Video Processing Pipeline

# Generate video tensor
video = model.generate(...)
# Convert tensor to video file
with tempfile.NamedTemporaryFile(suffix=".mp4", delete=False) as f:
cache_video(
tensor=video[None], # Add batch dimension
save_file=f.name,
fps=cfg.sample_fps,
normalize=True,
value_range=(-1, 1),
)
return Response(video=File.from_path(f.name))

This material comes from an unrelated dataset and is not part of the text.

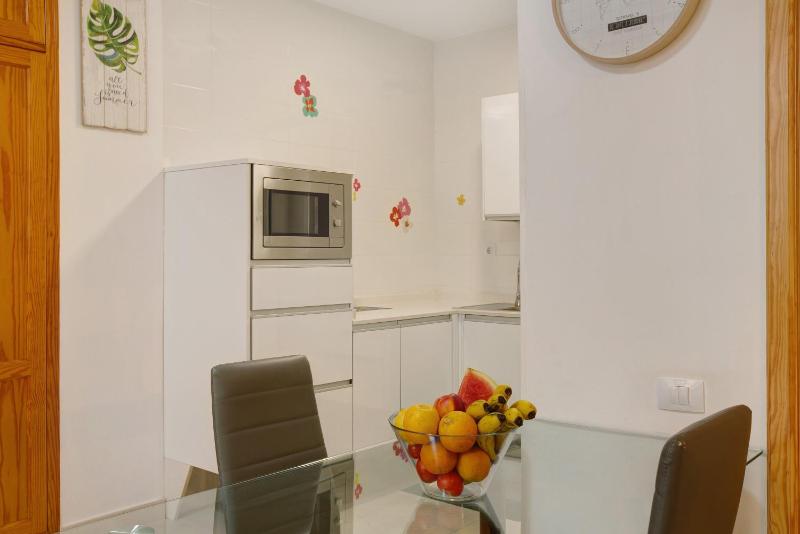 Beach Studio Apartment Canteras - image 2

Error Handling in Service Integration

try:
response = fal_client.subscribe("service-name", arguments)
except Exception:
# Handle gracefully - don't break the main workflow
return default_behavior()
else:
return process_response(response)

Advanced Dependencies

requirements = [
# Custom wheel for optimized performance
"https://github.com/Dao-AILab/flash-attention/releases/download/v2.7.0.post1/flash_attn-2.7.0.post1+cu12torch2.5cxx11abiFALSE-cp311-cp311-linux_x86_64.whl",
# Other dependencies...
]

Deployment and Usage

Running the Service

Terminal window
# Development
fal run fal_demos/video/wan.py::Wan
# Production deployment
fal deploy wan

Making Requests

import fal_client
result = await fal_client.submit_async(
"your-username/wan/v2.1/1.3b/text-to-video",
arguments={
"prompt": "A cat walking through a futuristic city",
"aspect_ratio": "16:9",
"num_inference_steps": 30,
"enable_safety_checker": True,
"enable_prompt_expansion": True,
"seed": 42
}
)
# The response includes the video file and seed
video_url = result["video"]["url"] # Ready to embed in web players
seed_used = result["seed"]

Advanced Features Demonstrated

  1. Multi-Model Workflows: Combining text analysis, image analysis, and video generation
  2. Content Moderation: Multi-layered safety checking with different AI models
  3. Dynamic Prompt Enhancement: AI-powered prompt expansion for better results
  4. Efficient Resource Management: Model weight caching and memory optimization
  5. Service Orchestration: Seamless integration of multiple fal services

Performance Optimizations

Memory Management

offload_model=False # Keep model in VRAM for better performance
use_usp=False # Optimize for single-user scenarios

Storage Efficiency

local_dir_use_symlinks=True # Avoid duplicate model weights
FAL_MODEL_WEIGHTS_DIR # Use managed storage location

Key Takeaways

  • Service integration enables sophisticated AI workflows within single applications
  • Multi-model safety checking provides robust content moderation
  • AI-powered enhancement can significantly improve user inputs
  • Resource management is crucial for large model deployments
  • Error handling in service integration must be graceful and not break main workflows

This pattern demonstrates how to build enterprise-grade AI services that combine multiple AI models, advanced safety features, and professional API design while maintaining the scalability and ease of deployment that fal provides. It represents the pinnacle of what’s possible when combining all the techniques we’ve learned across the previous examples.